Recently, speculation over a new war on Israel’s front with Hezbollah in Lebanon has been on the rise. Reports of a hole found in the border fence and the Israel Defence Forces’ (IDF) relocation of Iron Dome missile defence batteries into the area have been taken to mean one thing: both sides are preparing for a war in the north.
However, it is all too easy to overlook a well reported, but underestimated fact — Hezbollah is far too busy fighting Assad’s war in Syria to focus its attention on Israel.
The recent nuclear deal, said to have empowered Iran’s regional ambitions, cannot be ignored. The $50 billion ‘signing bonus’ will undoubtedly result in a steady increase in Iranian belligerency in the region via its various proxies. However, it is not in the Islamic Republic’s interest to overstretch Hezbollah even further at this present moment.

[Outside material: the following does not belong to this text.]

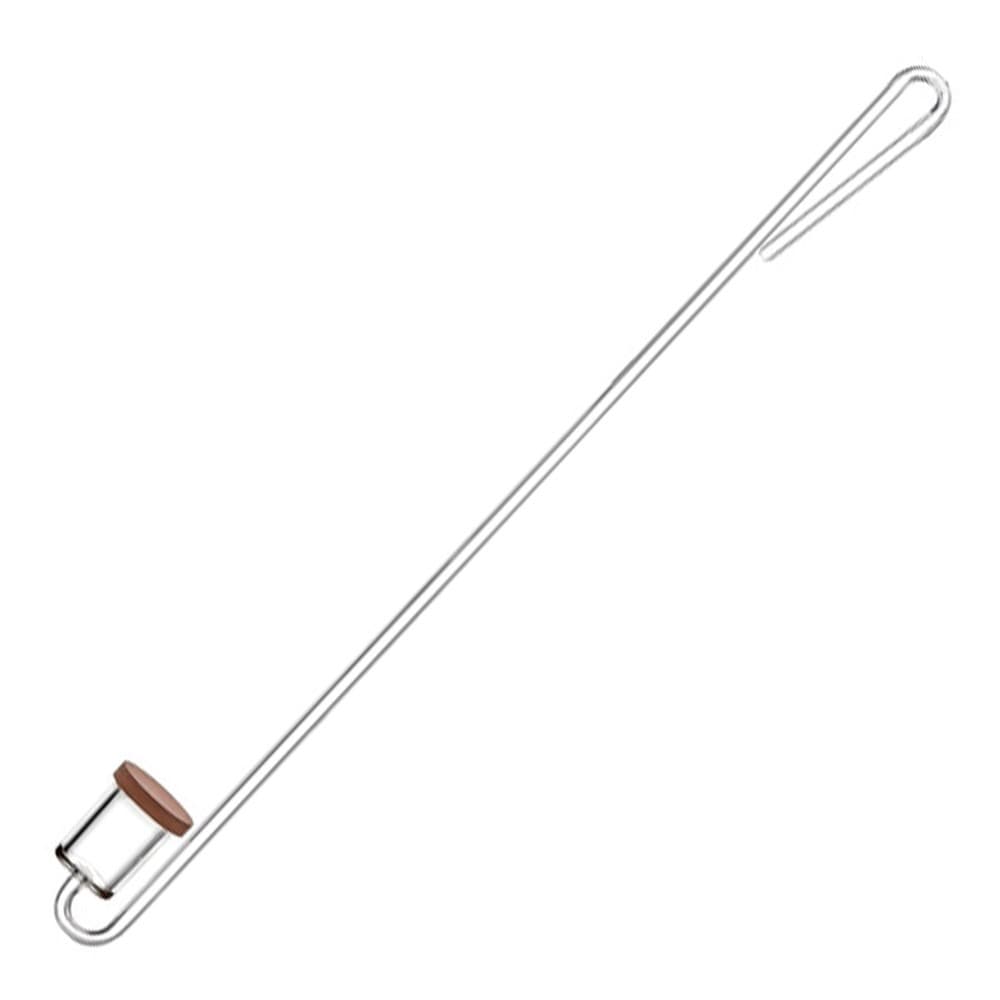 NEO Diffuser Original Clip L CO2-difuusor 23 mm U-kõverusega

The local Sunni superpower, Saudi Arabia, has begun to repel the Iranian-backed Houthis in Yemen, and Turkey has joined the fight against IS, lessening the coalition forces’ informal reliance on Iran’s Revolutionary Guards Corps on the ground. Add this to reports that Assad’s grip on power in what remains of Syria is weakening, and Iran has its work cut out to retain its hard-won regional influence.

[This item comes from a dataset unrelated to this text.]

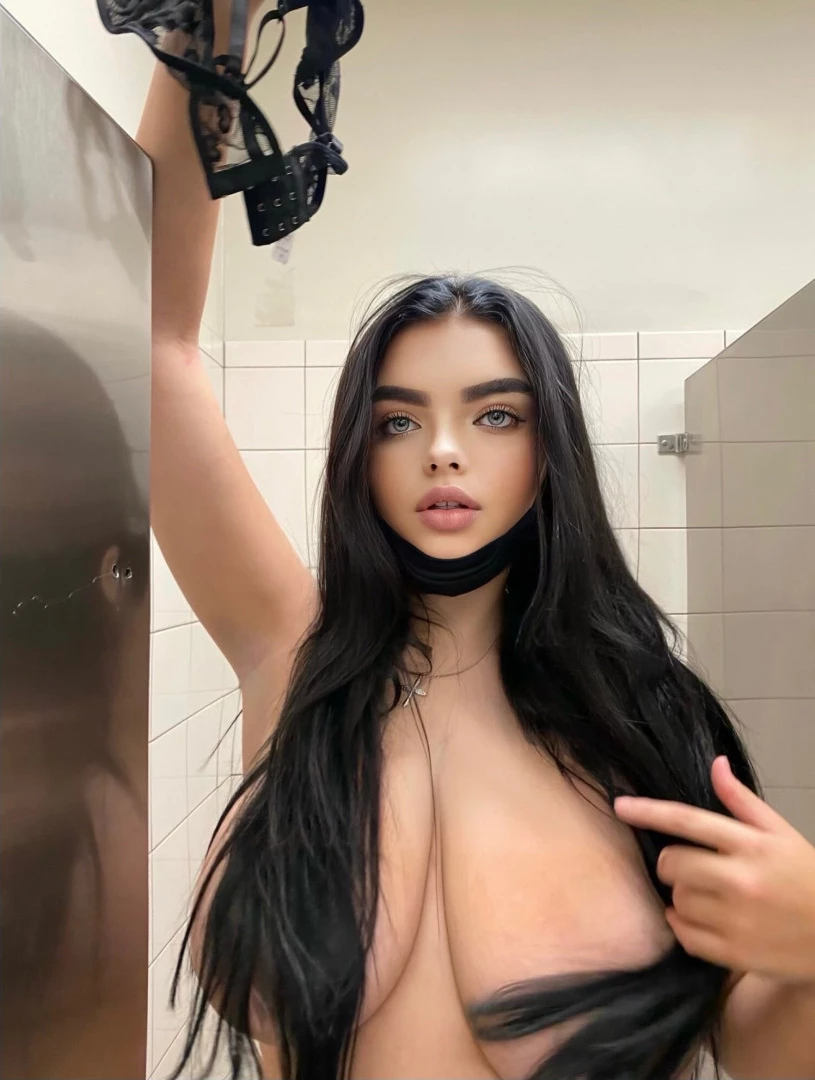 Juicy Jasmyn 🍒💦 [ jasmyn2juiicy ] Onlyfans leaked photo 7912144 on Hotleaks.tv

As Hezbollah becomes increasingly vital to Assad’s longevity, its Iranian backer will likely want the group to focus on its war against al-Nusra, the Free Syrian Army and IS, not Israel. In short, now hardly seems the time for Hezbollah to fight a war it knows it cannot win.
Bogged down Syria and Iraq, the group has sustained heavy losses. Whereas there is no doubt that the organisation’s 40,000 – 100,000 missiles (aimed at Israel) are primed and ready to go, it is important to assess the strategic value of such an attack in the present geopolitical situation.
If Hezbollah were to attack imminently, it would be a catastrophe for the Jewish state. Their missiles are not only plentiful, but highly accurate, and can reach anywhere in Israel. Yet, the response this would prompt would be astronomical, and with up to 8,000 fighters already embroiled in the conflict in Syria and Iraq, it is unclear how the group would be able to sustain an attack. This would likely inflict irreparable damage onto Hezbollah’s image, which has already taken a beating after it sided with Assad, and could possibly even spell the end of the already thinly stretched Islamist organisation.
Iran is unlikely to squander its prospects for regional hegemony for the purpose of enacting short-term, non-existential harm onto Israel, especially when, given patience, it could prove a far bigger threat.
If Hezbollah plays the long game and focuses on sustaining Assad, they may yet emerge victorious, finding themselves in a position to attack Israel from two fronts, rather than one.
Meanwhile, Iran would have retained its interests in the area, and be hailed by the West as the force that stabilised the Middle East.
There is no doubt that a war is coming… Just not yet.